Ela comenta que, normalmente, as empresas reagem quando se sentem afetadas com o uso inadequado de alguns destes instrumentos. Mas que não é possível, nem coerente, proibi-los.

Em vez disso, o melhor a fazer é procurar evitar que o uso desses meios possa ser um obstáculo para o trabalho do dia a dia.

O diretor de operações da Lecom, Tiago Amôr, reconhece a dificuldade para manter o foco o tempo todo no ambiente de trabalho. “As pessoas querem informação do mundo de fora, são curiosas, querem saber o que o amigo está fazendo, o que está acontecendo com o mundo, bater papo com alguém que faz tempo que não vê”, enumera.

Ele lembra que, hoje, com as mídias sociais, é possível dar parabéns a aniversariantes que antigamente nunca saberia que está aniversariando. “E as pessoas quase que se sentem obrigadas a fazer isso. Enfim, o volume de interrupções hoje é muito grande.”

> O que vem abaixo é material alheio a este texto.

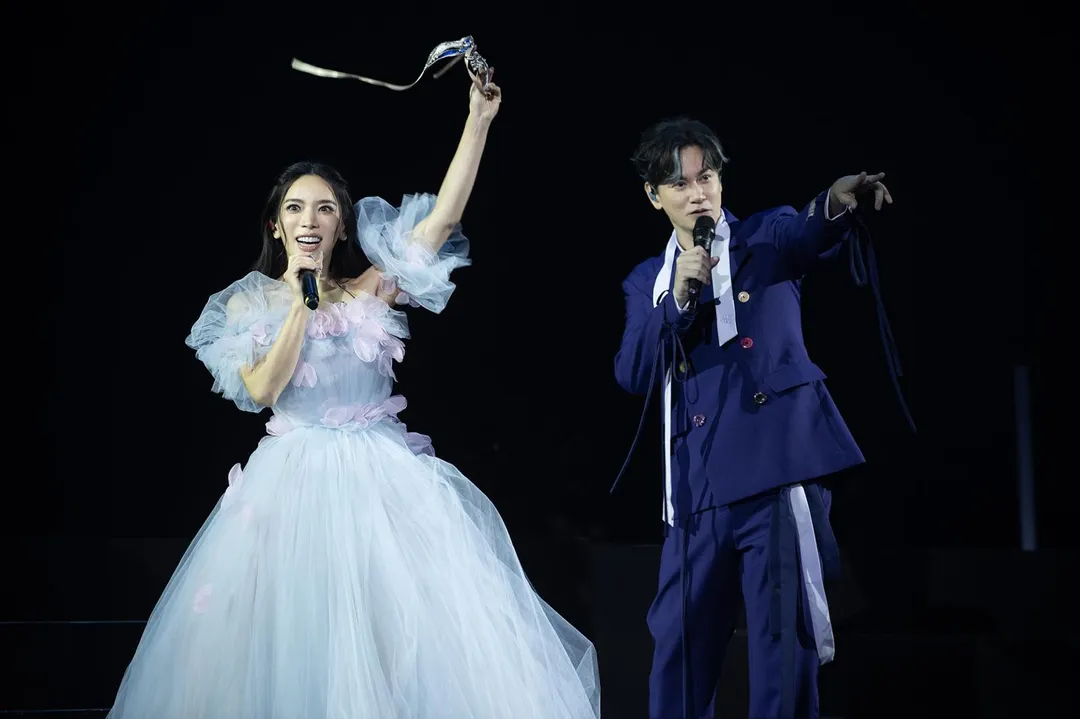 李聖傑與韓國女高音Lee Yeon Ji在台上驚喜合唱。(圖/錞藝音樂 提供)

Tiago considera, no entanto, que é preciso um momento de alívio para o cérebro, até pela natureza das atividades profissionais atuais. Antigamente, as pessoas trabalhavam com braços e agora usam a cabeça. É impossível ficar seis, oito, dez horas 100% focadas em uma atividade apenas. É necessário um descanso.”

Na avaliação dele, as pessoas têm de amadurecer para a definição de prioridades. “Isso cabe a cada um e não à empresa. A empresa precisa criar meios para que isso ocorra, mas se cada um conseguir ter essa consciência, o trabalho em equipe e a produtividade evolui e todos ganham”, afirma.